• **Your objective**
Using the records below, copy out exactly the line that contains "The Giggle book : favorite riddles" and every line that follows it, up to and including the last, and no others.

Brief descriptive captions
━━━━━━━━━━━━━━━━━━━━

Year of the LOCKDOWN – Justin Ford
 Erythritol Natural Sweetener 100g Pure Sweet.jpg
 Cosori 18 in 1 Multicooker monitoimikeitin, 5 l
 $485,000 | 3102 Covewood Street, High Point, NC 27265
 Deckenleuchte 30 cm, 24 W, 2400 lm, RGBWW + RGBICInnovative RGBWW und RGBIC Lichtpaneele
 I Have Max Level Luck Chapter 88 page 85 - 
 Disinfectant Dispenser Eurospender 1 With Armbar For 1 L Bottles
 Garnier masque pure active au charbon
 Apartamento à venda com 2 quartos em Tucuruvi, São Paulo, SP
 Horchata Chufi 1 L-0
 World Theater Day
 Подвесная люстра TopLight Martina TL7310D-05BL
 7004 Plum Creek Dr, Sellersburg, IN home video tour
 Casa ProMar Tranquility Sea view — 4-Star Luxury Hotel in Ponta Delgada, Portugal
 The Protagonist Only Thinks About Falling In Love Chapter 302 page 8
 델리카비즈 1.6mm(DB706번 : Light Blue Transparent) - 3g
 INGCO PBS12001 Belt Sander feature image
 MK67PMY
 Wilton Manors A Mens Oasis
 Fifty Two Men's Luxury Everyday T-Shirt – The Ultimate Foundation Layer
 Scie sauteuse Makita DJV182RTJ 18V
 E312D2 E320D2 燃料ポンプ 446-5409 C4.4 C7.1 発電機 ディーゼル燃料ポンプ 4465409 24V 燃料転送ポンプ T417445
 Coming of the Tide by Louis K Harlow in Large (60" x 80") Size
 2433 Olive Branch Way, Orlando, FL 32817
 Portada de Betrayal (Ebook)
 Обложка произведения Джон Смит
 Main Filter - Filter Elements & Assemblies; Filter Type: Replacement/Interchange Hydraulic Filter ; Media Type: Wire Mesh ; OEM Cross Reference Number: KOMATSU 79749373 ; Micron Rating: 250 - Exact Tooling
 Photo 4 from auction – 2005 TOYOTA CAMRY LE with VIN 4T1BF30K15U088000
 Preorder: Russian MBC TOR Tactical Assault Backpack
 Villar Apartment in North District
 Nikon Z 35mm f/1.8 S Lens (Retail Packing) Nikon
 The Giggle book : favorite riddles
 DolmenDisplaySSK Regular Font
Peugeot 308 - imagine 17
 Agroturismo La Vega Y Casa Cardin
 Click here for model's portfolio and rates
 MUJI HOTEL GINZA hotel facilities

━━━━━━━━━━━━━━━━━━━━

• **Result for this task**
 The Giggle book : favorite riddles
 DolmenDisplaySSK Regular Font
Peugeot 308 - imagine 17
 Agroturismo La Vega Y Casa Cardin
 Click here for model's portfolio and rates
 MUJI HOTEL GINZA hotel facilities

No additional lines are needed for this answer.